Recommendation Systems
Collaborative filtering ("users similar to you bought X") requires interaction history — at least several months of data. For a new product it works content-based: embedding of currently viewed product → search for similar by vector distance.
Hybrid model: content-based for new users, collaborative for those with history. Switching threshold — usually after 10–20 interactions we switch to collaborative. LightFM can combine both approaches in one model.
For e-commerce with real traffic — A/B testing of recommendations is mandatory. CTR and conversion rate on recommended products — key metrics, not model accuracy.
Response Streaming
User shouldn't wait for the model to generate the entire response. Server-Sent Events for token streaming — standard. OpenAI SDK supports stream: true, returns AsyncIterator. On frontend — Vercel AI SDK or custom EventSource handler.

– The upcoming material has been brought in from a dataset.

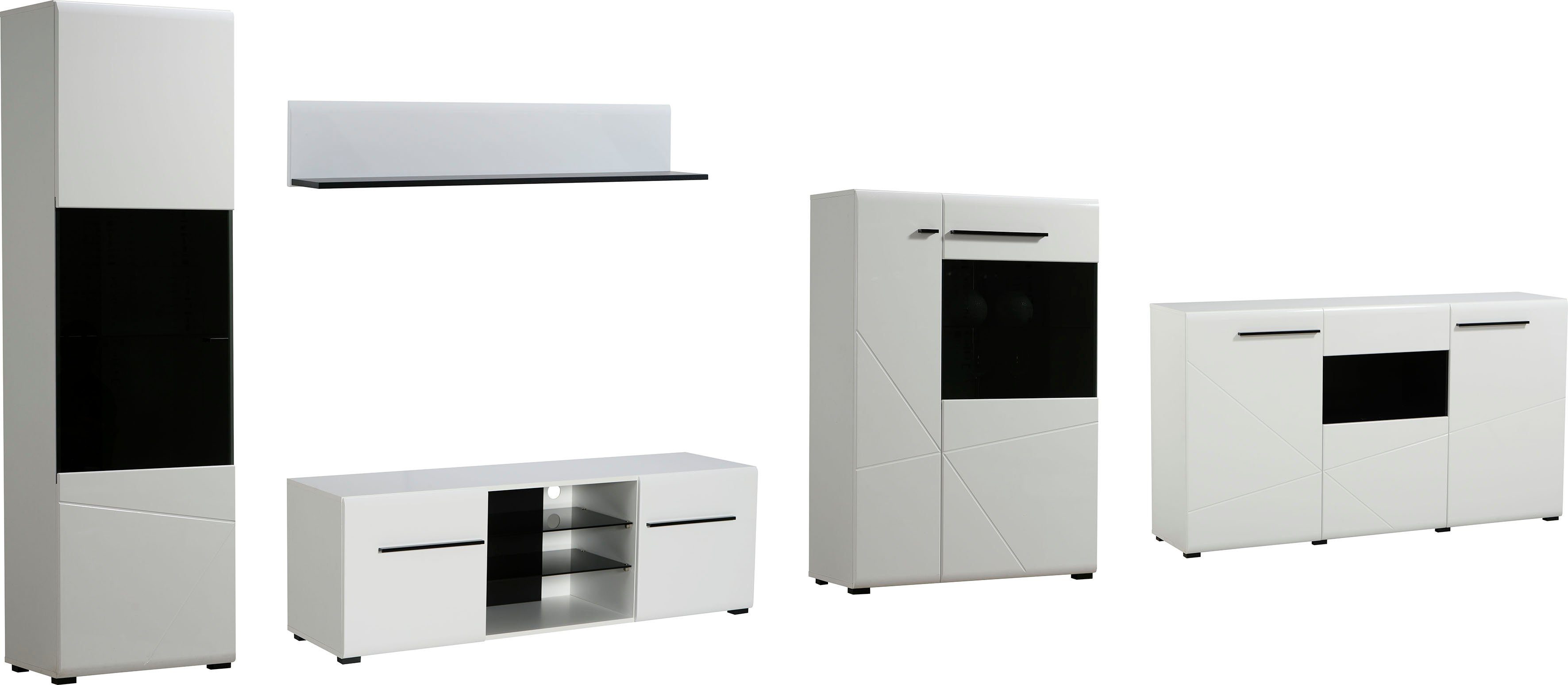INOSIGN Wandmeubel Trentino inclusief vitrinekast, lowboard, highboard, wandplank en commode (set, 5-delig)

Typical mistake: streaming to frontend via WebSocket instead of SSE. For one-directional stream SSE is simpler and more reliable.
Agent Orchestration
A simple chatbot answers questions. An agent can perform actions: create a ticket, check order status, book a time. LangChain or LangGraph for orchestrating chains of tool calls. Vercel AI SDK (useChat + tools) for Next.js projects — integration in a few lines.
The main difficulty with agents is reliability. The model sometimes calls the wrong tool or passes incorrect parameters. Validation via Zod schemas on input of each tool, structured outputs for deterministic JSON.
Work Process
We start with a data audit: what exists, in what format, how current. No point building RAG on outdated documentation. Prototype in 1–2 weeks with quality metrics (retrieval precision, hallucination rate via LLM-as-judge). Then iterations on quality — chunking, embedding model, reranking.
Monitoring in production: LangSmith or Langfuse for tracing call chains, request logging for manual quality audit.
Timeline
RAG chatbot with indexing of existing knowledge base: 3–6 weeks. Semantic search on top of existing catalog: 2–4 weeks. Recommendation system with A/B testing: 6–10 weeks. Multi-agent system with tools and integrations: from 8 weeks.